Thursday, December 31, 2020

Marubeni Corporation vs. CIR

Resident Foreign Corporation, defined. — Under the Tax Code, a resident foreign corporation is one that is "engaged in trade or business" within the Philippines.

A single corporation cannot be both resident and non-resident corporation. — A single corporate entity cannot be both a resident and a non-resident corporation depending on the nature of the particular transaction involved. Accordingly, whether the dividends are paid directly to the head office or coursed through its local branch is of no moment for after all, the head office and the office branch constitute but one corporate entity, the Marubeni Corporation, which, under both Philippine tax and corporate laws, is a resident foreign corporation because it is transacting business in the Philippines.
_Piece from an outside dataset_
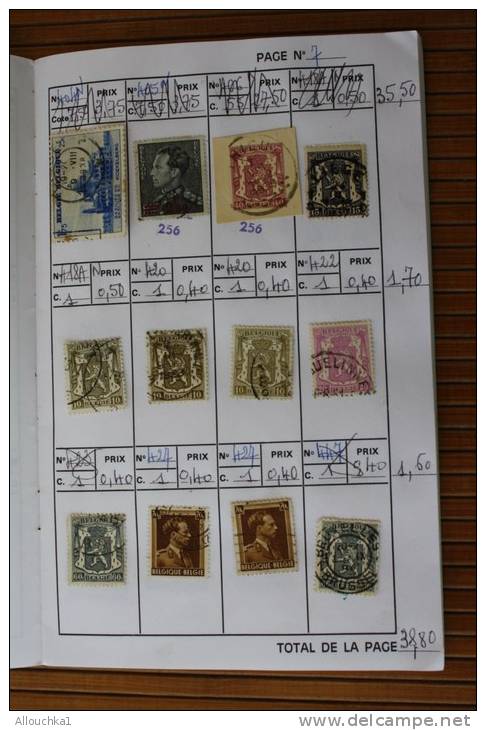 Belgique TIMBRES BELGES (.) Carnet de circulation entre 1865 &amp; 1960(Cote 2006 Y/T) 112,95 &euro; Voir détails ci-des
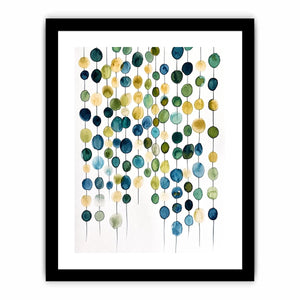 Minimalist watercolor circles in blue and beige arranged in vertical hanging pattern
Each tax has a different tax basis; Case at bar. — But while public respondents correctly concluded that the dividends in dispute were neither subject to the 15% profit remittance tax nor to the 10% intercorporate dividend tax, the recipient being a non-resident stockholder, they grossly erred in holding that no refund was forthcoming to the petitioner because the taxes thus withheld totaled the 25% rate imposed by the Philippine-Japan Tax Convention pursuant to Article 10 (2) (b). To simply add the two taxes to arrive at the 25% tax rate is to disregard a basic rule in taxation that each tax has a different tax basis. While the tax on dividends is directly levied on the dividends received, "the tax base upon which the 15% branch profit remittance tax is imposed is the profit actually remitted abroad." 

Philippine-Japan Treaty; 25% maximum rate, imposable only when local taxes exceed the same. — Public respondents likewise erred in automatically imposing the 25% rate under Article 10 (2) (b) of the Tax Treaty as if this were a flat rate. A closer look at the Treaty reveals that the tax rates fixed by Article 10 are the maximum rates as reflected in the phrase "shall not exceed." This means that any tax imposable by the contracting state concerned should not exceed the 25% limitation and that said rate would apply only if the tax imposed by our laws exceeds the same. In other words, by reason of our bilateral negotiations with Japan, we have agreed to have our right to tax limited to a certain extent to attain the goals set forth in the Treaty.

Non-residents corporation is taxed 35% of its gross income from all sources within the Philippines. — Petitioner, being a non-resident foreign corporation with respect to the transaction in question, the applicable provision of the Tax Code is Section 24 (b) (1) (iii) in conjunction with the Philippine-Japan Treaty of 1980. Proceeding to apply the above section to the case at bar, Petitioner, being a non-resident foreign corporation, as a general rule, is taxed 35% of its gross income from all sources within the Philippines.

Discounted rate of 15% granted where tax credit of not less that 20% of the dividends received is extended to out domestic corporation. — A discounted rate of 15% is given to petitioner on dividends received from a domestic corporation (AG&P) on the condition that its domicile state (Japan) extends in favor of petitioner, a tax credit of not less than 20% of the dividends received. This 20% represents the difference between the regular tax of 35% on non-resident foreign corporations which petitioner would have ordinarily paid, and the 15% special rate on dividends received from a domestic corporation.

Tax refund proper where a foreign non-resident corporation paid income tax on branch profit remittance within the maximum ceiling rate decreed in the tax treaty. — Petitioner is entitled to a refund on the transaction in question. It is readily apparent that the 15% tax rate imposed on the dividends received by a foreign non-resident stockholder from a domestic corporation under Section 24 (b) (1) (iii) is easily within the maximum ceiling of 25% of the gross amount of the dividends as decreed in Article 10 (2) (b) of the Tax Treaty.